5.5. Customer acknowledges that the Company cannot provide technical support for any software and/or script that the Customer installs, other than variable name changes. Customer also acknowledges that the Company does not supply technical support for Microsoft FrontPage, other than initial configuration. The Company supplies technical support for Web hosting issues only. The Company shall be the sole arbiter as to what constitutes a "Web host" issue.

6. LIMITATION AND EXCLUSION OF LIABILITY

6.1. Limitations

IN NO EVENT SHALL HOSTMYAPPLE, Inc. (the Company) HAVE ANY LIABILITY WHATSOEVER FOR DAMAGE, UNAUTHORIZED ACCESS TO, ALTERATION, THEFT OR DESTRUCTION OF INFORMATION PROVIDED TO HOSTMYAPPLE, Inc. , DISTRIBUTED OR MADE AVAILABLE FOR DISTRIBUTION VIA THE SERVICES. HOSTMYAPPLE, Inc.

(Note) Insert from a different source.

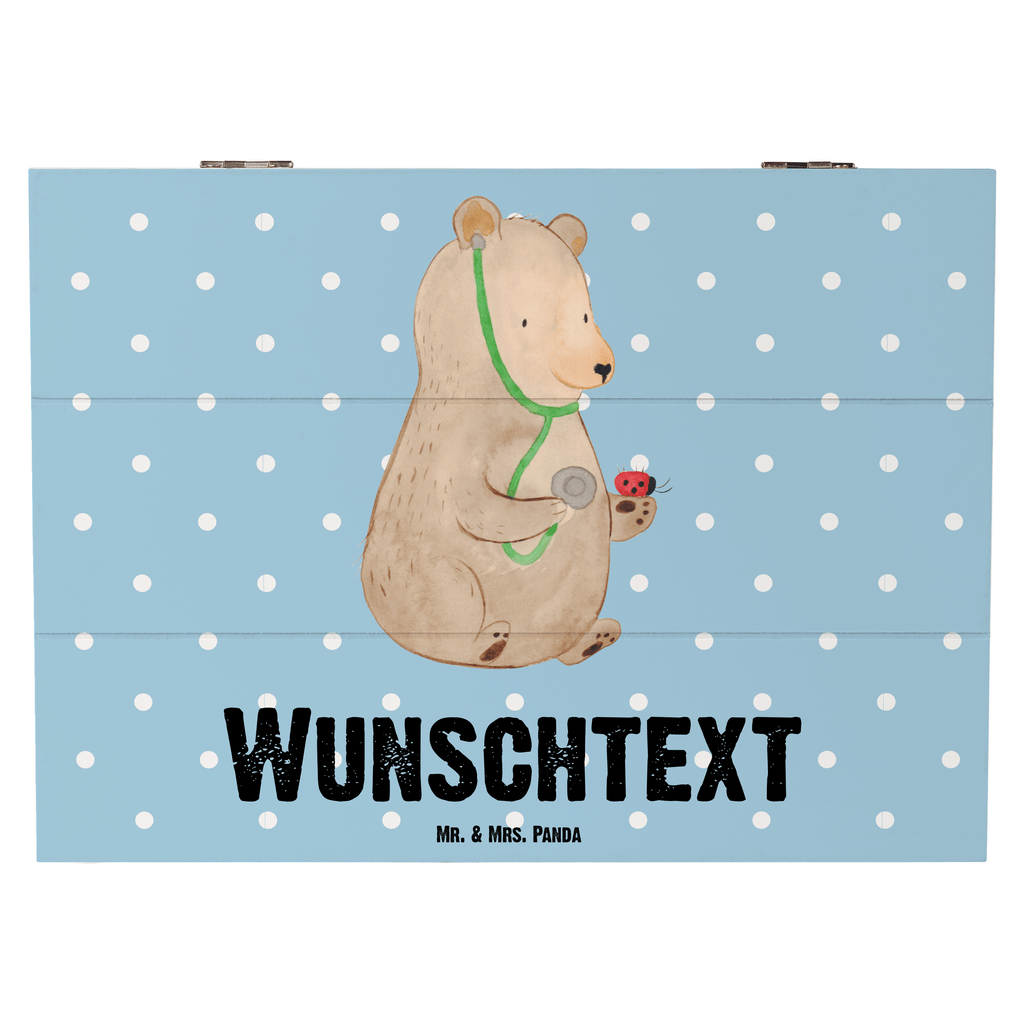 Personalisierte Holzkiste Bär Arzt Holzkiste mit Namen, Kiste mit Namen, Schatzkiste mit Namen, Truhe mit Namen, Schatulle mit Namen, Erinnerungsbox mit Namen, Erinnerungskiste, mit Namen, Dekokiste mit Namen, Aufbewahrungsbox mit Namen, Holzkiste Personalisiert, Kiste Personalisiert, Schatzkiste Personalisiert, Truhe Personalisiert, Schatulle Personalisiert, Erinnerungsbox Personalisiert, Erinnerungskiste Personalisiert, Dekokiste Personalisiert, Aufbewahrungsbox Personalisiert, Bär, Teddy, Teddybär, Arzt, Ärztin, Doktor, Professor, Doktorin, Professorin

SHALL HAVE NO LIABILITY UNDER THIS AGREEMENT OR OTHERWISE FOR CONSEQUENTIAL, EXEMPLARY, SPECIAL, INCIDENTAL, OR PUNITIVE DAMAGES EVEN IF HOSTMYAPPLE, Inc. HAS BEEN ADVISED OF THE POSSIBILITY OF SUCH DAMAGES. IN ANY EVENT, THE LIABILITY OF HOSTMYAPPLE, Inc. TO YOU FOR ANY REASON AND UPON ANY CAUSE OF ACTION SHALL BE LIMITED TO THE AMOUNT ACTUALLY PAID TO HOSTMYAPPLE, Inc. BY YOU UNDER THIS AGREEMENT DURING THE THIRTY (30) DAYS IMMEDIATELY PRECEDING THE DATE ON WHICH SUCH CLAIM ACCURED. THIS LIMITATION APPLIES TO ALL CAUSES OF ACTION IN THE AGGREGATE, INCLUDING, WITHOUT LIMITATION, TO BREACH OF CONTRACT, BREACH OF WARRANTY, NEGLIGENCE, STRICT LIABILITY, MISREPRESENTATIONS, AND OTHER TORTS. THE FEES FOR THE SERVICES SET BY HOSTMYAPPLE, Inc. UNDER THIS AGREEMENT HAVE BEEN AND WILL CONTINUE TO BE BASED UPON THIS ALLOCATION OF RISK. ACCORDINGLY, YOU HEREBY RELEASE HOSTMYAPPLE, Inc. FROM ANY AND ALL OBLIGATIONS, LIABILITIES, AND CLAIM IN EXCESS OF THE LIMITATION STATED IN THIS SECTION

6.1. BECAUSE SOME STATES DO NOT ALLOW THE EXCLUSION OR LIMITATION OF LIABILITY FOR CONSEQUENTIAL OR INCIDENTAL DAMAGES, IN SUCH STATES, OUR LIABILITY IS LIMITED TO THE EXTENT PERMITTED BY LAW.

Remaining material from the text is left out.